On a different but related aspect, Ney (2003: 79 – 110) argues that contrary to previous political economy literature, which portrayed democratic structures and processes as obstacles to changes, pension policy changes had never been very democratic. Rather, it had been monopolized and manipulated by small policy networks, which operated in backrooms.

 

The findings and perspective by Ney are confirmed perfectly in the recent Nigerian experience. With the termination of military dictatorship in May 1999 and the introduction of representative system of governance, it is assumed that the process of law-making or changes in policy-making should reflect democratic norms. But as it had been noted in the preceding paragraph, the inputs of labour and organized private sector, were not taken into reckoning in the new legal framework governing pension administration in Nigeria. In other words, the existing democratic structures and procedures were not in reality relied upon in effecting pension reforms.

 

The work of Chlon-Dominczak and Mora (2003: 131 -156) among other findings posits that the identity of the foreign pension reform agenda setter – whether the World Bank, the United States Agency for International Development (USAID) or the International Labour Organization (ILO) - does not matter. Instead, the role of domestic actors, depending on the depth of preexisting pension system crisis, is more significant in the reform process. Chlon-Dominczak and Mora (2003) also find that there is no strong relationship between institutional arrangements and implementation of pension reforms, noting that reforms have occurred equally in authoritarian and democratic countries. Rather, they argue that the influence of ideas, particularly the influence of neoliberal ideas, is more decisive as a causative factor to trigger pension reform.

 

The postulation of Chlon-Dominczak and Mora (2003) that the role of domestic actors is more vital than the influence of foreign pension reform agenda setter could be said to be half-truth.
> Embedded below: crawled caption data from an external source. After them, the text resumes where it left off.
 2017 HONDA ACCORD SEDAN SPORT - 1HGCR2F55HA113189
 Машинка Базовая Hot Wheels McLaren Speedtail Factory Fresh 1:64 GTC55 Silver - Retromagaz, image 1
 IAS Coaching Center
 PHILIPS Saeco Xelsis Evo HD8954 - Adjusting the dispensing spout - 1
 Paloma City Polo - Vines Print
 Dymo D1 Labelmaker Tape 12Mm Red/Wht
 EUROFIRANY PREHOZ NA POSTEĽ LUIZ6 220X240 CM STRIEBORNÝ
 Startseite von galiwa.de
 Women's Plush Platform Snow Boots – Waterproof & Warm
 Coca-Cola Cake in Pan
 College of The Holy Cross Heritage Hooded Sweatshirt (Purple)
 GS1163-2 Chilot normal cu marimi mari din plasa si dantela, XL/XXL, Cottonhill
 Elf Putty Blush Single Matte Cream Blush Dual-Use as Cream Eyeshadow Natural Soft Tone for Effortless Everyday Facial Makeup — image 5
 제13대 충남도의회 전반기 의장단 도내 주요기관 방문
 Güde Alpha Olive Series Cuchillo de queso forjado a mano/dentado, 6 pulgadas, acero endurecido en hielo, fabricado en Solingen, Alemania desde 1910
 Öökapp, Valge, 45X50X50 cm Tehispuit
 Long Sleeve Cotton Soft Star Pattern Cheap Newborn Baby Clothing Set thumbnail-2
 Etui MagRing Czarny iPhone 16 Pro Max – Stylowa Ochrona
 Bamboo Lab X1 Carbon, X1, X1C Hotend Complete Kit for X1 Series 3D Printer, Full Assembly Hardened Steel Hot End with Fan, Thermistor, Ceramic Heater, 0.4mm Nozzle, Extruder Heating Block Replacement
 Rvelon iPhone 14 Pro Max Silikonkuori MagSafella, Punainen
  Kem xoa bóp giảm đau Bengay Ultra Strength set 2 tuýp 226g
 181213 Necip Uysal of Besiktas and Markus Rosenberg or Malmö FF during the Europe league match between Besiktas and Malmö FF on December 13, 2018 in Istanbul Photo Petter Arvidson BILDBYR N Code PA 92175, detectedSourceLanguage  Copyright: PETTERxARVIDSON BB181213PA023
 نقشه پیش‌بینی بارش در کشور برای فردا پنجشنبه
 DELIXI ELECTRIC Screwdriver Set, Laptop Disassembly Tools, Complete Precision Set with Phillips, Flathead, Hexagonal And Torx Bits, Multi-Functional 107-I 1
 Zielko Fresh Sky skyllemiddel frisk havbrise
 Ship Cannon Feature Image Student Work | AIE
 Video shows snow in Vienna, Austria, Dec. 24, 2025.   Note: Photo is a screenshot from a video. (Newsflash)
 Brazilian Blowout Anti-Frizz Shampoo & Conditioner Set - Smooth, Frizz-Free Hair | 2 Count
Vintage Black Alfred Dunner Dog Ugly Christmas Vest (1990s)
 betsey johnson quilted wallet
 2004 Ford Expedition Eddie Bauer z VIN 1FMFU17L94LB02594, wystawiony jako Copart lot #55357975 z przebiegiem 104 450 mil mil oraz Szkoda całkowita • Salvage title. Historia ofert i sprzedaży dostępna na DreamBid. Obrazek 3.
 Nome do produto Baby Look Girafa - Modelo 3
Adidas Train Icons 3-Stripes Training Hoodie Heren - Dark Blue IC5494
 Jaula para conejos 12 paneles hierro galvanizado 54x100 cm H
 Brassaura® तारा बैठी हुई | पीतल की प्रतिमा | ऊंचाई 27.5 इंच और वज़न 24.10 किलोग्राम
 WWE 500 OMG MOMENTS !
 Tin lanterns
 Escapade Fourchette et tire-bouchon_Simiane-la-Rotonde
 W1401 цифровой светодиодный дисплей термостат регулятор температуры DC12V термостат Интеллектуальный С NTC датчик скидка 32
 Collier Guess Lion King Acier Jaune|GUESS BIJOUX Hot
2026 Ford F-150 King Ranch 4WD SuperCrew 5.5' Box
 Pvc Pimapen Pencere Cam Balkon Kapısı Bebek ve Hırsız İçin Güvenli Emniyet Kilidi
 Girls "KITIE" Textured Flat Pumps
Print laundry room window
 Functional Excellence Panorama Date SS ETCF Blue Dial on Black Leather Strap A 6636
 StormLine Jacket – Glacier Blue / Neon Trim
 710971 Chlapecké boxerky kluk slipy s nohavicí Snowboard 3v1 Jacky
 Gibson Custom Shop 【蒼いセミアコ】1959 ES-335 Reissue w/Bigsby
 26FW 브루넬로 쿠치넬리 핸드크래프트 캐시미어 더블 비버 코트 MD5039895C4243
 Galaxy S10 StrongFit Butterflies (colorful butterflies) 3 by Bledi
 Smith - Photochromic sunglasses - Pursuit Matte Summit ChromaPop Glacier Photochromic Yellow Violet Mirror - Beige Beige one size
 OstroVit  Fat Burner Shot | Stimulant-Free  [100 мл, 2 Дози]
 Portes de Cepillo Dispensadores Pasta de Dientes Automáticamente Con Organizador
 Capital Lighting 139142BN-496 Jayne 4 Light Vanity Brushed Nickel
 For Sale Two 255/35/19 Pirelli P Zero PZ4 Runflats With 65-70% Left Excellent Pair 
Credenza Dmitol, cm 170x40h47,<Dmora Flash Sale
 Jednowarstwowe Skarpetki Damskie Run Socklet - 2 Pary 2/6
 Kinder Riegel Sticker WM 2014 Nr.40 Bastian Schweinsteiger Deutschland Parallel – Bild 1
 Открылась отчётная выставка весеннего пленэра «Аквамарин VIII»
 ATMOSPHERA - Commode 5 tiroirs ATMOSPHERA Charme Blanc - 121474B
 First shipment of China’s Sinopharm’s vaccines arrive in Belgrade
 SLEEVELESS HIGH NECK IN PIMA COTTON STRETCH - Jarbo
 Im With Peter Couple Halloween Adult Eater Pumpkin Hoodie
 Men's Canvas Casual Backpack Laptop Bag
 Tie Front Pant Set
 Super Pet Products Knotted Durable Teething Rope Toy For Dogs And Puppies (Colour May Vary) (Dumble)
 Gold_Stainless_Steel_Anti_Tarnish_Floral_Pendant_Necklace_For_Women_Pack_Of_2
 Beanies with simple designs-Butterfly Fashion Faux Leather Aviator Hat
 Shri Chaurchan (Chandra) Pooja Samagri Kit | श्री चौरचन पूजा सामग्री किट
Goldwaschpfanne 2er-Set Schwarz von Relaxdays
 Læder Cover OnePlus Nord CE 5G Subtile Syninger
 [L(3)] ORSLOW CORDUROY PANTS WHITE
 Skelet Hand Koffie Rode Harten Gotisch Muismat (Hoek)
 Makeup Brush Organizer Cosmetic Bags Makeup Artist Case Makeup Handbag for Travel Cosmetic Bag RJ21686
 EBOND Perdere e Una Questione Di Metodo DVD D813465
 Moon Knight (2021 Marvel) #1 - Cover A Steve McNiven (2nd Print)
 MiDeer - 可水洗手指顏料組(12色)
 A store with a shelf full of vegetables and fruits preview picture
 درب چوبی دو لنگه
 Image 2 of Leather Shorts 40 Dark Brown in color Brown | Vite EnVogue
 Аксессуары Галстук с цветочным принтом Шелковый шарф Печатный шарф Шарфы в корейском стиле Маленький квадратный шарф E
Rather than overrating the influence of one over the other, it might be more useful to understand that endogenous and exogenous political influences complement each other in the reform processes.  This is the conclusion that could be drawn from the deep reflections of Arundhati Roy (2004: 4-5) who explains as follows:

 

                The World Trade Organisation, the World Bank, the International Monetary Fund, and other financial institutions like the Asian Development Bank, virtually write economic policy and parliamentary legislation….. All this goes under the fluttering banner of "reform." … Time and again we have seen the heroes of our times, giants in opposition, suddenly diminished. President Lula of Brazil was the hero of the World Social Forum in January 2002. Now he's busy implementing IMF guidelines, reducing pension benefits and purging radicals from the Workers' Party. Lula has a worthy predecessor in the former President of South Africa, Nelson Mandela, who instituted a massive programme of privatisation and structural adjustment that has left thousands of people homeless, jobless, and without water and electricity. When Harry Oppenheimer died in August 2000, Mandela called him "one of the great South Africans of our time." Oppenheimer was the head of Anglo-American, one of South Africa's largest mining companies, which made its money exploiting cheap black labour made available by the repressive apartheid regime.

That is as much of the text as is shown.